Are you concerned yet?
If you consume beef, there are a number of things you can do to protect yourself and your family. It is absolutely imperative in this culture to practice what I call “defensive eating” in order to stay healthy and well because the industry and the government will not be doing this for us. Below are some steps you can take to prevent contamination:
- Consume 100% grass-fed, free range cattle. These cattle are the healthiest because they consume a natural diet they can process (corn is difficult to process, increases digestive disorders and the risk of illness in cows). Know your sources (Thundering Hooves and Oregon Country Beef are a couple) and become intimately aware of where your food comes from.
- If you can’t find grass-fed, look for cows which have been fed a 100% vegetarian diet. This may be corn or another grain, but keep in mind newspaper is “vegetarian”, and is a common filler in animal feed.
- Grind your own beef. The best way to not ingest 300 cows in a hamburger patty is to have a butcher grind up a cut of beef before your eyes.
- Eat less beef. Experiment with meatless meals every few days and see how it feels. Most people know at least one vegetarian – ask for a favorite recipe or idea for lunches and dinners.
- Ask Questions. Be a detective.
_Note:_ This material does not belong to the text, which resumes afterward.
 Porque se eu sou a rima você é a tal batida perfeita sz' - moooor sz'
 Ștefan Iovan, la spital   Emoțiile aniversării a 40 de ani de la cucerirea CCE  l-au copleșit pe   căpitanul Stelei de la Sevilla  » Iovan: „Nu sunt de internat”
Ask your server where the beef comes from – not the supplier – the RANCH. Look that ranch up online. Just because the menu assures “all-natural beef” doesn’t mean a darn thing. Does the ranch disclose how the cattle are housed, fed, and slaughtered? If not, it probably isn’t pretty. Call them and ask more questions. Your concern will prompt change within the industry – especially among smaller ranches. Don’t underestimate the power of being an informed consumer.
Good luck out there, my fellow defensive eaters. We have a lot of homework to do!